Nothing beats fuchsia for an explosion of vibrant, eye-catching blooms. Hang your fuchsia plant near a window, where it'll get filtered sunlight. If you hang it outdoors, keep it in a shady location. These made-in-the-shade bloomers don't like harsh, direct sunlight.

It's a perennial, so you can overwinter it indoors. Bring your plant inside when the temperature drops below 45°F/7°C. It won't tolerate frost. Easy to find in garden centers and nurseries, there's just no excuse not to enjoy this sizzling show of flowers all season.

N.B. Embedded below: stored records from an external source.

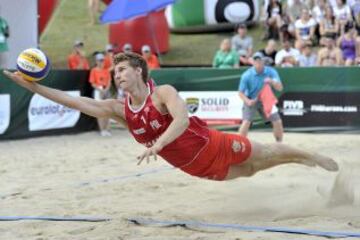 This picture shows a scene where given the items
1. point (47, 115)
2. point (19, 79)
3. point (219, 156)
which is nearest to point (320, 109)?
point (47, 115)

Dwarf Chenille Plant gets its common name from the fuzzy plumes of tiny red flowers that trail above a thick mound of small, serrated leaves. Given enough light, this plant blooms nearly year-round. Repot in spring only when it has outgrown its container. Use a pot with drainage holes to prevent soggy soil. It's naturally bushy, so you don't have to pinch its growing tips to get it to branch out. 

Keep it well-watered and fertilized during the growing season. This plant also appreciates high humidity. You can place the pot on a tray of wet pebbles to raise the humidity around it. Or, mist the foliage with room-temperature water every day except when the plant is in bloom. Raising the humidity also helps to prevent spider mites from invading. Watch out for these pests, especially in winter when indoor air tends to get dry.

Deadheading tip: Pinch off flowers as soon as they start to fade. This will encourage many more blooms.